Лишь немногие понимали бесперспективность покорения Кавказа военной силой. В 1818 году М. Орлов писал А. Раевскому: «Так же трудно поработить чеченцев и другие народы края, как сгладить Кавказ. Это дело исполняется не штыками, но временем и просвещением… сделают еще экспедицию, повалят несколько народа, разобьют толпу неустроенных врагов, заложат какую-нибудь крепостцу и возвратятся восвояси, чтобы опять ожидать осени… Но со всем тем в этой непрерывной войне есть что-то величественное… Кто, кроме нас, может похвастаться, что видел вечную войну? » Того же образа мыслей придерживался и А. Грибоедов. В стихотворении «Хищники на Чегеме» (1825) от имени живущих общинно-феодальным укладом горцев говорится:

Живы в нас отцов обряды,

Кровь их буйная жива. < …>

Наши – камни; наши – кручи!

Русь! Зачем воюешь ты В

ековые высоты?

Досягнешь ли?

Не изменилась ситуация на Кавказе и во время, описанное Лермонтовым. Вся эта сложная картина обычаев, нравов и социальных отношений представляла собой благодатный материал для литературного изображения. Предшественники Лермонтова («Кавказский пленник» Пушкина, «Аммалат-Бек», «Мулла-Нур» А. Бестужева-Марлинского и множество других произведений ныне уже прочно забытых авторов) изображали Кавказ как край экзотический, в котором обитают еще не испорченные цивилизацией «дети природы».
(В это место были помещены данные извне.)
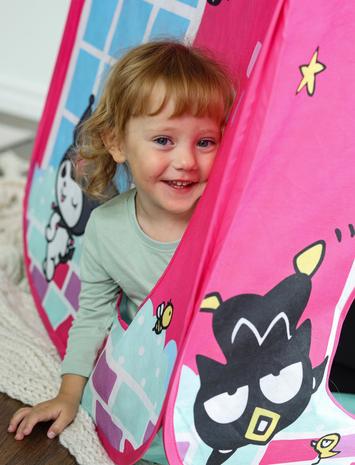 Hello Kitty Leikkiteltta Pop-up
В «Герое нашего времени» нет романтических эффектных сцен, а если таковые и возникают, то освещаются они с реалистических позиций. По напряженности интриги лермонтовский роман не уступает произведениям Бестужева-Марлинско-го, но он неизмеримо выше их по глубине психологического анализа.

В «Бэле» описывается путешествие через перевал по Военно-Грузинской дороге. По точности и лаконичности это описание можно сопоставить разве что со сдержанно кратким описанием того же самого отрезка пути в дневнике Грибоедова, который он вел в 1818 году для себя, а, стало быть, фиксирующем лишь факты и подлинные переживания.
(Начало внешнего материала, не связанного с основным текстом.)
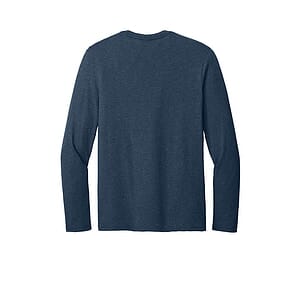 District Perfect Weight CVC Long Sleeve Tee DT185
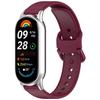 Árbol de Dinero Grande Compatible con Correa Xiaomi Mi Band 11/10/9 Pulsera de Muñeca de Silicona Xiaomi Mi Band 8 Hebilla Única Pulsera Deportiva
У Грибоедова: «Подъем на Гуд-гору по косогору преузкому; пропасть неизмеряемая сбоку. По ту сторону ее горы превысокие, внизу речка; едва можно различить на крутой уединенной горке осетинские жилья. Дорога вьется через Гуд-гору кругом; несколько верховых встречаются. Не знаю, как не падают в пропасть кибитки и наши дрожки. Еще спуск большой и несколько других спусков. Башни брошенные; на самом верху столб и руины. Наконец приходим в Кашаур, навьючиваем, берем других лошадей, отправляемся далее, снег мало-помалу пропадает, всё начинает зеленеться, спускаемся с Кашаура, неожиданная веселая картина: Арагва внизу вся в кустарниках, тьма пашней, стад, разнообразных домов, башен, хат, имений, стад овец и коз (по камням все ходят), руин замков, церквей и монастырей разнообразных…»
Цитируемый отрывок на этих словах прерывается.